___ DATA EXTRACTS

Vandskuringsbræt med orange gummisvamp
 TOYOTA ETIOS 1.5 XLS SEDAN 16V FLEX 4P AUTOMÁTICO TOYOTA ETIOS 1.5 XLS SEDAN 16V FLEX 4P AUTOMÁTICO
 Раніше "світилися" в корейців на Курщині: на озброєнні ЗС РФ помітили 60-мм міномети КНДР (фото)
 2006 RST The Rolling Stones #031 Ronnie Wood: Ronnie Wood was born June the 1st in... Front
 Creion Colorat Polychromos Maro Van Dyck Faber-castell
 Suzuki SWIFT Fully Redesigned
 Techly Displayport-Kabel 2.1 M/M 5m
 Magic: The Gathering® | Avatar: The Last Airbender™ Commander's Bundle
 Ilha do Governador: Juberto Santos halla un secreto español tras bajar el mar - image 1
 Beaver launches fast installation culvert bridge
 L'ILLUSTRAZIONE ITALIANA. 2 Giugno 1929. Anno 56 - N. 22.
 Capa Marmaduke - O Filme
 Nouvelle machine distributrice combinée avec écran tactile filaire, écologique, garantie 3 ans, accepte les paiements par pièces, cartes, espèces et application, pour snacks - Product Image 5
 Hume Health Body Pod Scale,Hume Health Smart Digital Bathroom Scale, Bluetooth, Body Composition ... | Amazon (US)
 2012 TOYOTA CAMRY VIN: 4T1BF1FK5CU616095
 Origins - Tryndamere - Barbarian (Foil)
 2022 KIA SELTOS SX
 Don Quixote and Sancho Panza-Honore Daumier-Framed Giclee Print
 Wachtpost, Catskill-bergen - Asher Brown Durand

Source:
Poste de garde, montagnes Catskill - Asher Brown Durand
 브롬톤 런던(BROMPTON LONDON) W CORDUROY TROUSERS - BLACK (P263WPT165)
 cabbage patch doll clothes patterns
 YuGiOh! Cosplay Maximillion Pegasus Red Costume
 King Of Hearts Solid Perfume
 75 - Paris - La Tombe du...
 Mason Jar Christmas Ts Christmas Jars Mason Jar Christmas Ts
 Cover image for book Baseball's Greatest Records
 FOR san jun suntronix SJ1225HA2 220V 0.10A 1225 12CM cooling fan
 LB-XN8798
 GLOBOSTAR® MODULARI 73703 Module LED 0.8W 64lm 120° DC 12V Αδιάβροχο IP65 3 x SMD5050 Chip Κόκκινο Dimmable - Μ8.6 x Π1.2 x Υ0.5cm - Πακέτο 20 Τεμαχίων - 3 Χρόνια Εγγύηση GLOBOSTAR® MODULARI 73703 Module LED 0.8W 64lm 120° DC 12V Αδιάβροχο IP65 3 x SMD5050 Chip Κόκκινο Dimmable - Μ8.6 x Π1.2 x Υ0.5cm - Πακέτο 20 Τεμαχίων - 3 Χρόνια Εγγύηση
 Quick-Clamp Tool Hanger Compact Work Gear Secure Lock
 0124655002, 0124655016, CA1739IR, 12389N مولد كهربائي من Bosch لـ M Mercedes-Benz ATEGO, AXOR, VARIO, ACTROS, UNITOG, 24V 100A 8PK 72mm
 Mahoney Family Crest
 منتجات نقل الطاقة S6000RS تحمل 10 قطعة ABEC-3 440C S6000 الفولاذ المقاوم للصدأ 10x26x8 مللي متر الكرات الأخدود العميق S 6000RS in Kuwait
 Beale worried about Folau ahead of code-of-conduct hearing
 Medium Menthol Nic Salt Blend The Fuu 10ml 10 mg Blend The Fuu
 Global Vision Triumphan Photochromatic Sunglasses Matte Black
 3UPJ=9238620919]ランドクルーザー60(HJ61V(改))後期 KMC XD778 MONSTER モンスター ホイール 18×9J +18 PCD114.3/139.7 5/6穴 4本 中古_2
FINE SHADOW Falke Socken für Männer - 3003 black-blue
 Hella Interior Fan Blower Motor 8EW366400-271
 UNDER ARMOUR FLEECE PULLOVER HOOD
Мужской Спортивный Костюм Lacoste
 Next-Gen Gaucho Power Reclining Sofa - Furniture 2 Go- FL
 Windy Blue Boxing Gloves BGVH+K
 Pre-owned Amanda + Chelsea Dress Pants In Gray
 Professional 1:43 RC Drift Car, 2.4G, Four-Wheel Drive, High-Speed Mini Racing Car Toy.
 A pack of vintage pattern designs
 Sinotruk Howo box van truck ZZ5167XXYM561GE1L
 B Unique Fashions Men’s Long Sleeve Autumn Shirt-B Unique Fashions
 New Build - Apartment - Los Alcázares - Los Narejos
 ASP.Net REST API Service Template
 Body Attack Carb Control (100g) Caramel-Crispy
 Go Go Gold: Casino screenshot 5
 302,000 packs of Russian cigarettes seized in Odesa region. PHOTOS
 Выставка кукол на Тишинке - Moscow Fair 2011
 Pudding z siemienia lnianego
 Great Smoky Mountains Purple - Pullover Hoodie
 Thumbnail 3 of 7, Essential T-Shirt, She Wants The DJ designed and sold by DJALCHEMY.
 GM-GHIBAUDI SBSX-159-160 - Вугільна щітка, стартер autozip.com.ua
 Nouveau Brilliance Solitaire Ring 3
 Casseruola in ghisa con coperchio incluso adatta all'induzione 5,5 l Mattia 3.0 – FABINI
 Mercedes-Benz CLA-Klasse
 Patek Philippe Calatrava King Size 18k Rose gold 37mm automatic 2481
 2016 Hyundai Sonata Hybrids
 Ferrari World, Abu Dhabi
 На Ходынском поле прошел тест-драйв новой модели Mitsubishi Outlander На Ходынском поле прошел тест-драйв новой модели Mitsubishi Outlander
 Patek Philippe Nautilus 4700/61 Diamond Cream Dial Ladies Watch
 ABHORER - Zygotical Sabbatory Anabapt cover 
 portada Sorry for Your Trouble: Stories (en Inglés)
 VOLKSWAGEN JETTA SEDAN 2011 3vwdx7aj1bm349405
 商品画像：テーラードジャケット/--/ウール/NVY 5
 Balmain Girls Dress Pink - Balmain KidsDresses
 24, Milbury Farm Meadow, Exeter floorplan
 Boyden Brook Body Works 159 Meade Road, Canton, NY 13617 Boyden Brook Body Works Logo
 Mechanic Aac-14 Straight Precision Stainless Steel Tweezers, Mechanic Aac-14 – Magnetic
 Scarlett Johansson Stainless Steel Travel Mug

______

## TRY IT
Copy out each line from the listing that contains the string "Stainless".

## TASK RESPONSE
 Mechanic Aac-14 Straight Precision Stainless Steel Tweezers, Mechanic Aac-14 – Magnetic
 Scarlett Johansson Stainless Steel Travel Mug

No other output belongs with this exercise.